We headed to the beach on Monday for a Wellington Day Celebration put on by the Hutt City Council. We are living near Petone Beach, recognized as the location where the first organized settlers to New Zealand landed aboard the ship Aurora, on January 22, 1840. The first settlers were welcomed by the great Maori Te Atiawa chiefs. The Aurora brought nearly 150 New Zealand Company settlers, who had made the four-month voyage from Gravesend, near London. Our 12-year-old looked up at us and said, “I have heard this story before.”
As we walked through The Petone Settlers Museum, we could not help but think of our time in Plymouth, Massachusetts, aboard the Mayflower, just six months ago. Our time at Crazy Horse learning about the Native American Perspective of Western Settlement also came to the forefront in this moment. Although we recognize and talk about the importance of what makes cultures distinctive from one another, what our children are so good at highlighting are the ways we are all connected.
As the day ambled by, our kids participated in many new things such as 10-pin bowling, cricket, and traditional Maori weapons training. They also found many familiar games such as grain sack races, tug-of-war, and coffee can stilt practice. Six hours passed, and as the festival was breaking down the kids were splashing in Wellington Bay with fast friends.

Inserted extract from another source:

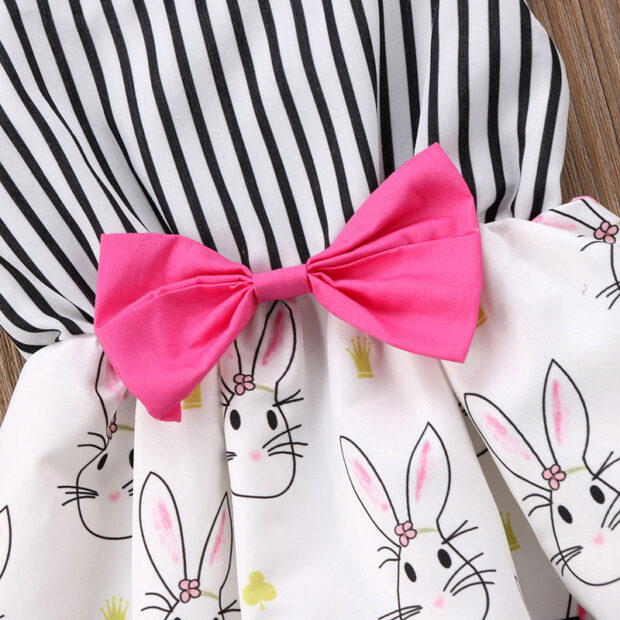 Stylish Pink Ribbon Stripe Top with Bunny Print Bottom Bodysuit Romper - Image 5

It all felt so familiar in a foreign land, and it made us wonder about common threads. It seems the more we connect with people and their history, the more connected we feel. The world gets smaller as our understanding of it expands. Although we fumble through and celebrate cultural differences, what is becoming more vivid the further we go is that we have all made many of the same mistakes and relished similar accomplishments. We have awakened new eras of discovery and found joy in simple pleasures along the way.
As Maya Angelou so profoundly writes, “… I note the obvious differences between each sort and type, but we are more alike, my friends, than we are unalike. We are more alike, my friends, than we are unalike …”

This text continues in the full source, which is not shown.